> **Task prompt**:
Produce word for word the lines of the data below running from the one that has "Lynk & Co 01" to the one that has "ліхтариком Pawer bank", inclusive, and no others.

Start of Data shown

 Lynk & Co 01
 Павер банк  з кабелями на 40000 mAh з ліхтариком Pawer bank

End of Data shown
Start of Data shown

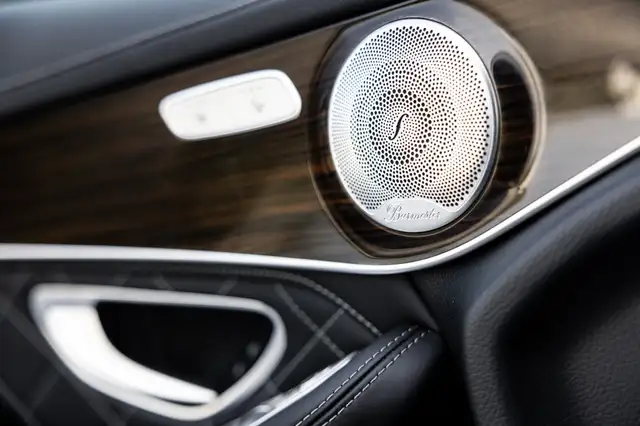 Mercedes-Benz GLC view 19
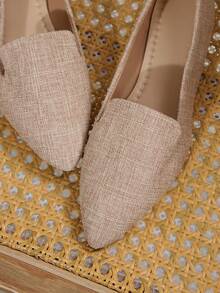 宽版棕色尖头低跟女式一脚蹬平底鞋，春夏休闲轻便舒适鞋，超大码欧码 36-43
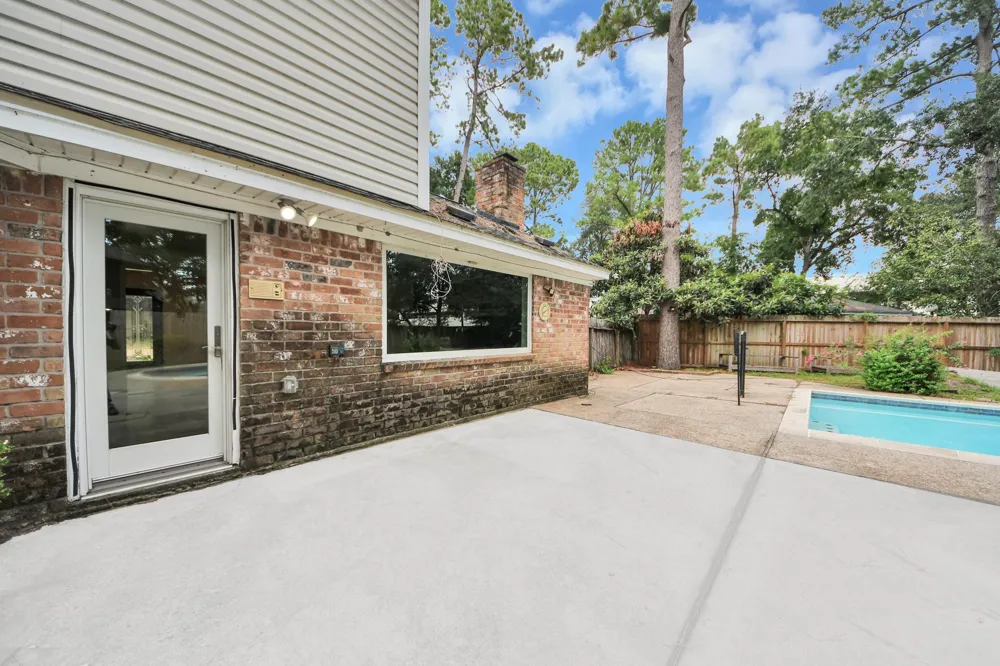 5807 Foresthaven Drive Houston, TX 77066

End of Data shown
Start of Data shown

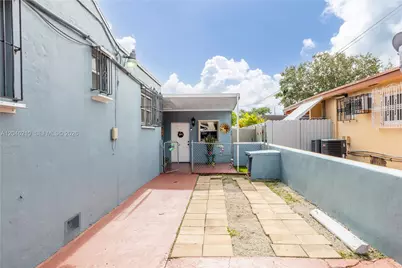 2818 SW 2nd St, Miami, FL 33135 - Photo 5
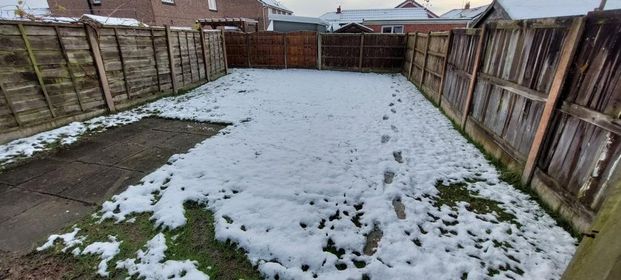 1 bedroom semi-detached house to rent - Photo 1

End of Data shown

> **Exercise answer**:
 Lynk & Co 01
 Павер банк  з кабелями на 40000 mAh з ліхтариком Pawer bank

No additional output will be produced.